Daniela Sannwald zufolge thematisierten zahlreiche Filme der 1920er-Jahre die zu dieser Zeit überall virulenten Kämpfe der Frauen um "ökonomische und soziale Unabhängigkeit" und erzählten davon, dass die von ihnen ersehnte Autonomie "weder als Luxusehefrau, Goldgräberin oder Edelprostituierte noch als Tippfräulein, Kellnerin oder Revuegirl zu erreichen war". Wie sie in ihrem Beitrag "Überlebenskünstlerinnen" weiter bemerkt, "markieren" die Figuren des Vamps und des Flappers "die extremen Positionen des Spektrums begehrenswerter Frauen, das der Stummfilm anbietet". Der eine ebenso wagemutige wie flatterhafte junge Frau bezeichnende Begriff des Flappers geht ebenso wie der des It-Girls auf einen Filmtitel zurück. 1920 übernahm Olive Thomas die Titelrolle in dem Film "The Flapper", sechs Jahre darauf spielte Cara Bow in Clarence Badgers Film "It", die Figur Betty Loa, die 'das gewisse Etwas' hatte. Als wohl prominentestes "Opfer des Flapperismus" macht Sannwald den "Vamp" Luise Brooks aus, deren Erfolg und Nachruhm, errungen etwa durch die Rolle der Thymian in der Literaturverfilmung "Tagebuch einer Verlorenen" (1929), diese 'Opferrolle' durchaus nicht schadete. Allerdings ist es unter den AutorInnen des vorliegenden Bandes nicht unstrittig, ob Brooks den Vamp verkörpert oder, wie Annette Brauerhoch meint, als "Inbegriff des Flappers" gegolten habe.

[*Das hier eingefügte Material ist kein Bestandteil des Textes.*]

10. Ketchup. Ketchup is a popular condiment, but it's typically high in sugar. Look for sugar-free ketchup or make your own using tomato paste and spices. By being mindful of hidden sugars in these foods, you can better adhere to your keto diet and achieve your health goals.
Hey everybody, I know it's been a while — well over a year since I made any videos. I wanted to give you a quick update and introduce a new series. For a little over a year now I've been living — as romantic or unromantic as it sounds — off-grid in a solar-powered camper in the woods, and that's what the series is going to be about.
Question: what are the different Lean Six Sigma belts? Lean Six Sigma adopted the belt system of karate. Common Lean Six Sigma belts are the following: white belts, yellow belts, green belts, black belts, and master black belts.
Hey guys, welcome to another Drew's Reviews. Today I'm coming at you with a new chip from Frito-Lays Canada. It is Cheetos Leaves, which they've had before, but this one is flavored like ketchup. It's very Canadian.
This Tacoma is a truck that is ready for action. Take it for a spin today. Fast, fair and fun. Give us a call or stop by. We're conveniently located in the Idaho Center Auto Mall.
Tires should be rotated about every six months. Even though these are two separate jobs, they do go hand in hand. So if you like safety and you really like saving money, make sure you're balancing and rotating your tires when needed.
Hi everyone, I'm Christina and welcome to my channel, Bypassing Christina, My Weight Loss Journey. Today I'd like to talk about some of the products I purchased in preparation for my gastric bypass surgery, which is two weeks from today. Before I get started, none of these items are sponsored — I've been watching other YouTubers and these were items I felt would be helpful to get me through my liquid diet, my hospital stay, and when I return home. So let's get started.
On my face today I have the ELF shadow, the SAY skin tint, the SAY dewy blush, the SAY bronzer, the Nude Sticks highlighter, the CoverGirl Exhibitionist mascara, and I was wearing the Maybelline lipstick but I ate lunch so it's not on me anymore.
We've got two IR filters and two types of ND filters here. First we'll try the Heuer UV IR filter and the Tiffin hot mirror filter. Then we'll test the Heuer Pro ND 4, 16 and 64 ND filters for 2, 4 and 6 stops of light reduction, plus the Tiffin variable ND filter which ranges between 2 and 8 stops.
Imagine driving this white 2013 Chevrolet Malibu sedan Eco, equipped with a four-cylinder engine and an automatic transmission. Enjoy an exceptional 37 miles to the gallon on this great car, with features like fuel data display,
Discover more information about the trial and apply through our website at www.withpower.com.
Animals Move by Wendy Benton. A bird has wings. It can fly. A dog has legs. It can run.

Aus den insgesamt sehr lesenswerten Beiträgen ragt Heike-Melba Fendels Essay über "Mädchen und Backfische, Girls und Flappers" noch einmal heraus. Dies nicht zuletzt wegen seines geradezu überbordenden Reichtums an originellen Topoi, Bonmots und Aperçus, die von der Autorin mit einer Geschwindigkeit aneinander gereiht werden, dass man ihnen kaum zu folgen vermag. Auch sie konzentriert sich auf die 1920er-Jahre, auf jenes Jahrzehnt also, in dem die jungen Frauen "alles wollten, vieles konnten und so manches durften, wovon die Generation ihrer Mütter nicht einmal zu träumen wagte". Die "lasterhaften Girls" der neuen Generation "mit den schlechten Manieren und den guten Absichten" wurden vom Kino der Zeit in dem Glauben bestärkt, "das Wildeste" zu sein, was die 1920er-Jahre zu bieten hatte. Doch gerieten "rebellisches Verhalten und Styling wie auch erotische Verführungskraft" der Protagonistinnen von Backfisch- und Flapper-Film "eher possierlich als bedrohlich, eher vorläufig als dauerhaft".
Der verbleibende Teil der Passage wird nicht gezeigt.